__Problem statement__:
Please repeat, exactly as written, the line containing "Herren Peak Performance" and every line after it through the end of the records below, leaving out any pictures.

__Web page caption snippets__:
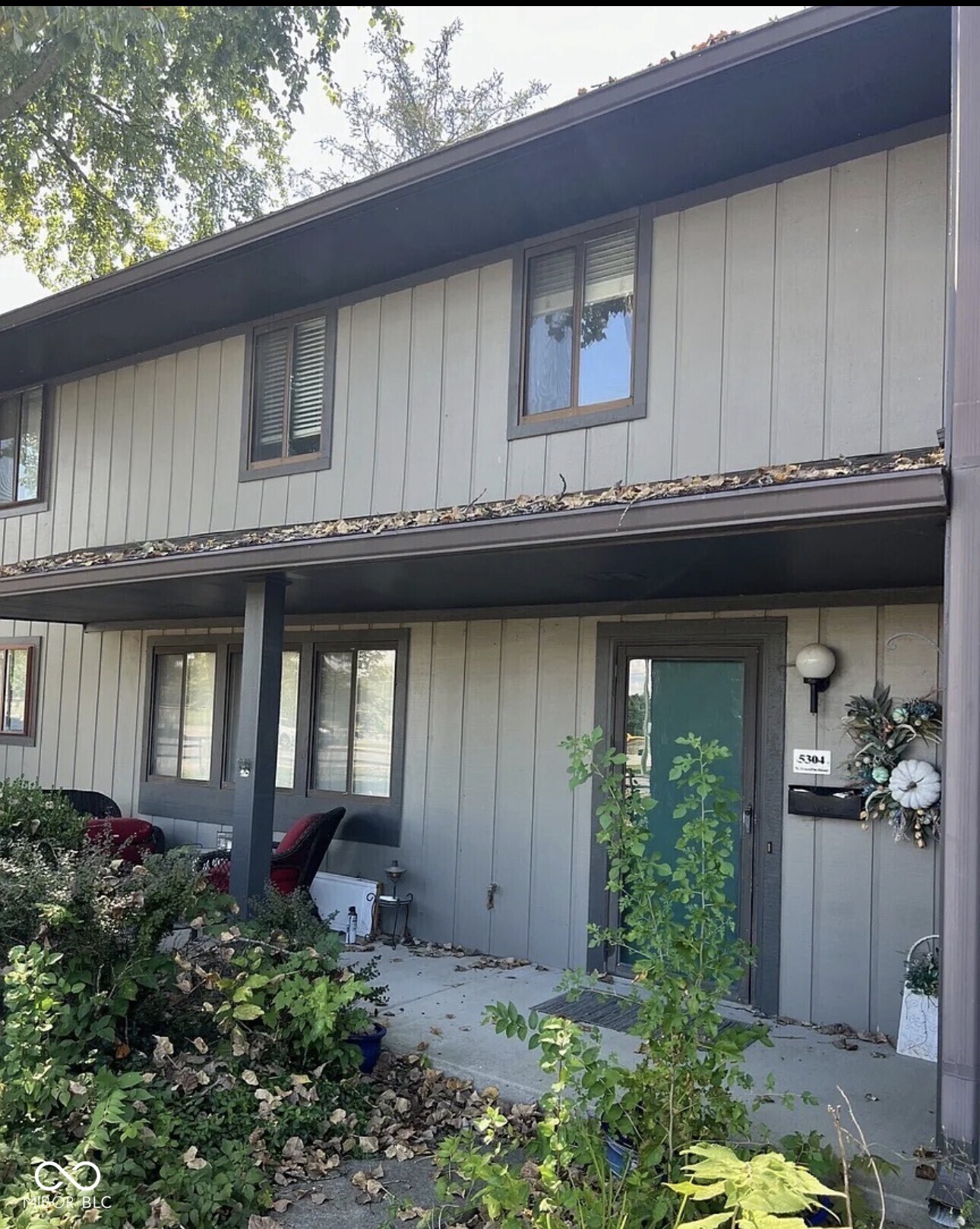 5304 N Franklin Road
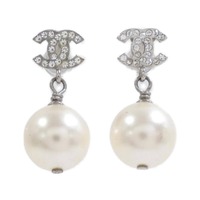 シャネル 36138 ピアス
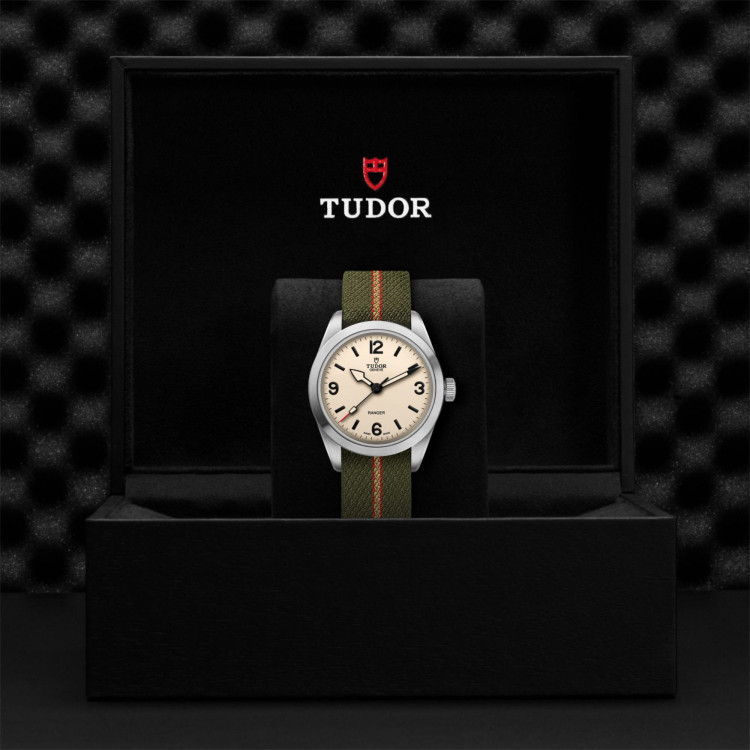 TUDOR Ranger - Bild 4 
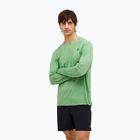 Herren Peak Performance Delta LS Pfefferminz Longsleeve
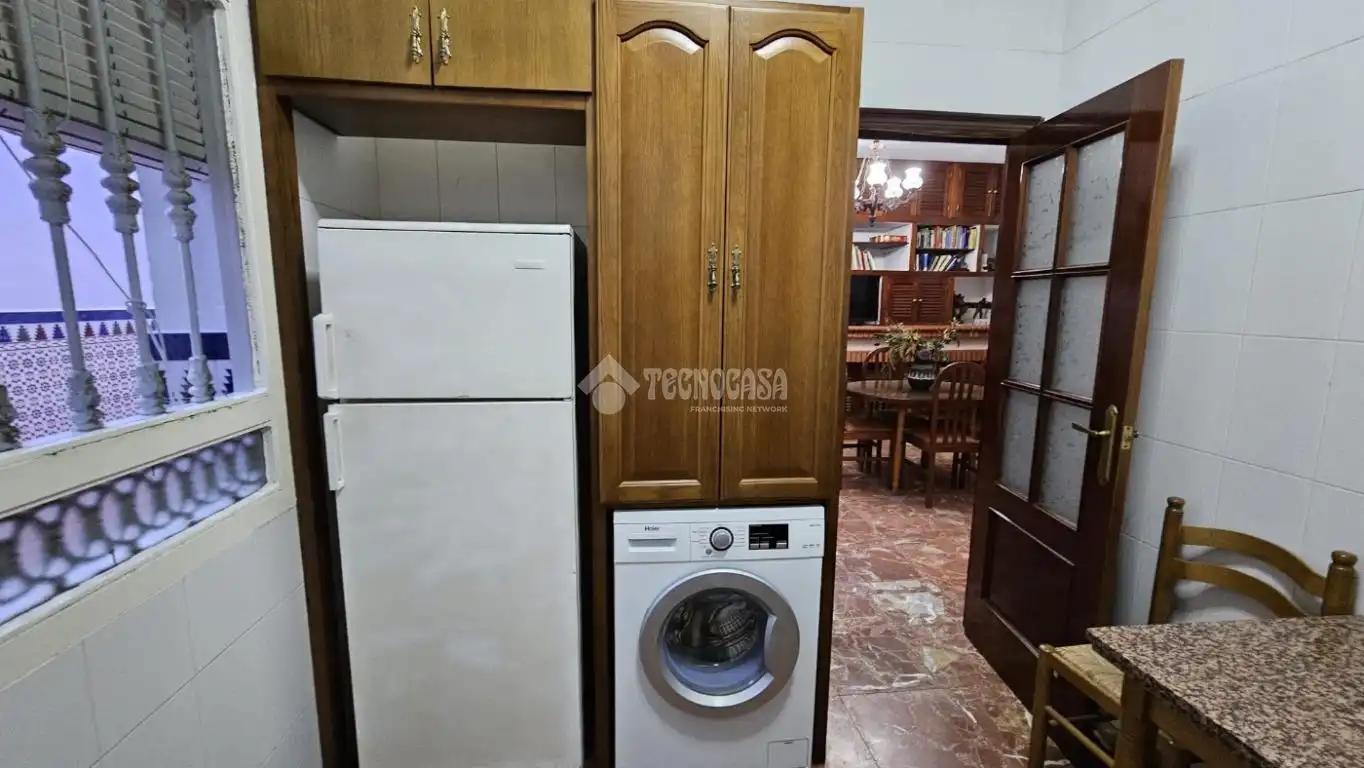 Cocina de Piso en venta en San Juan del Puerto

__Answer space__:
 Herren Peak Performance Delta LS Pfefferminz Longsleeve
 Cocina de Piso en venta en San Juan del Puerto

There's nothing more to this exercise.